BEGIN SUPPLIED DATA

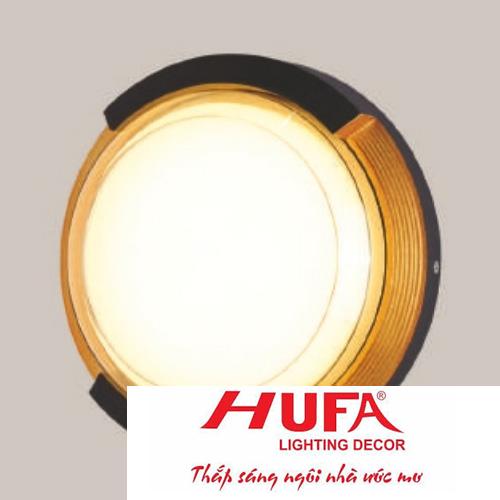 denledhufa-com-ak-68-ak-68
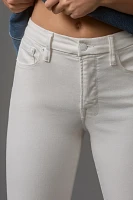 Good American Petite Skinny Jeans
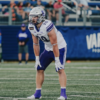 2027 NFL Draft Prospect Interview: Ethan Dolby, RB, University of Western Ontario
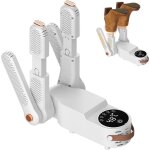 Chauffe - bottes et d�odorant - s�che - chaussures et bottes �lectriques, s�che - bottes et d�odorant ...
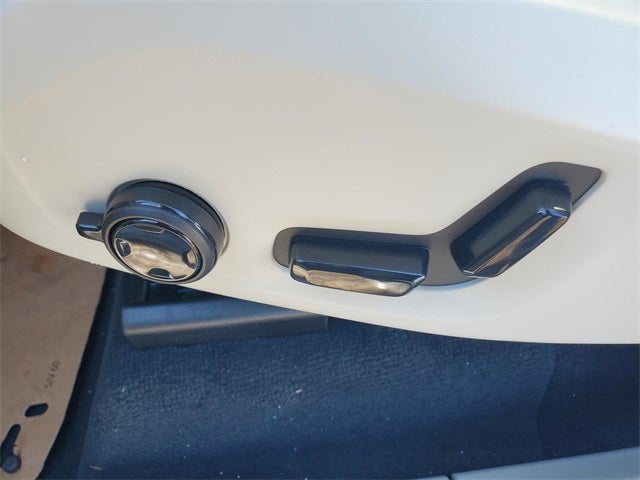 2026 Volvo XC90 Plug-In Hybrid T8 Ultra 7 Passenger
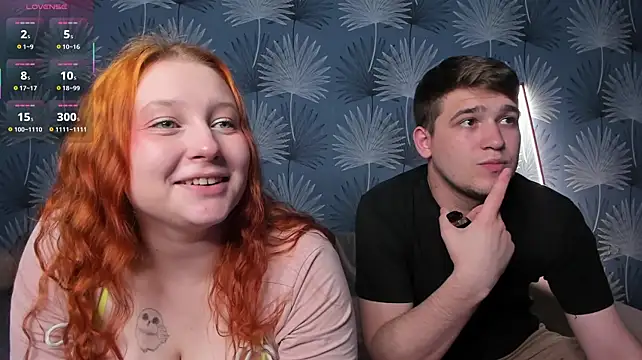 couple_of_kittens_ Show Webcam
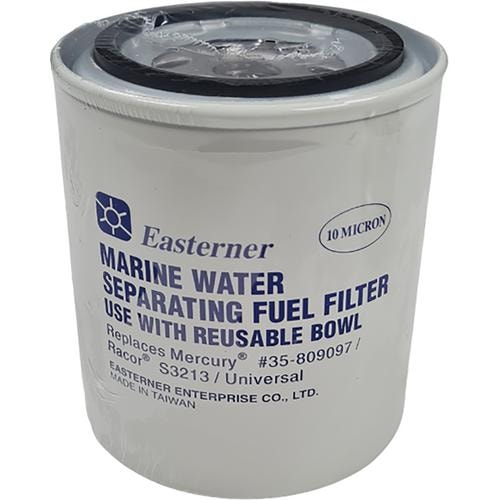Bränslefilter Mercury T. 7142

END SUPPLIED DATA

Return the records word for word, leaving every picture out of the copy.

» **TASK SOLUTION**
 denledhufa-com-ak-68-ak-68
 Good American Petite Skinny Jeans
 2027 NFL Draft Prospect Interview: Ethan Dolby, RB, University of Western Ontario
 Chauffe - bottes et d�odorant - s�che - chaussures et bottes �lectriques, s�che - bottes et d�odorant ...
 2026 Volvo XC90 Plug-In Hybrid T8 Ultra 7 Passenger
 couple_of_kittens_ Show Webcam
Bränslefilter Mercury T. 7142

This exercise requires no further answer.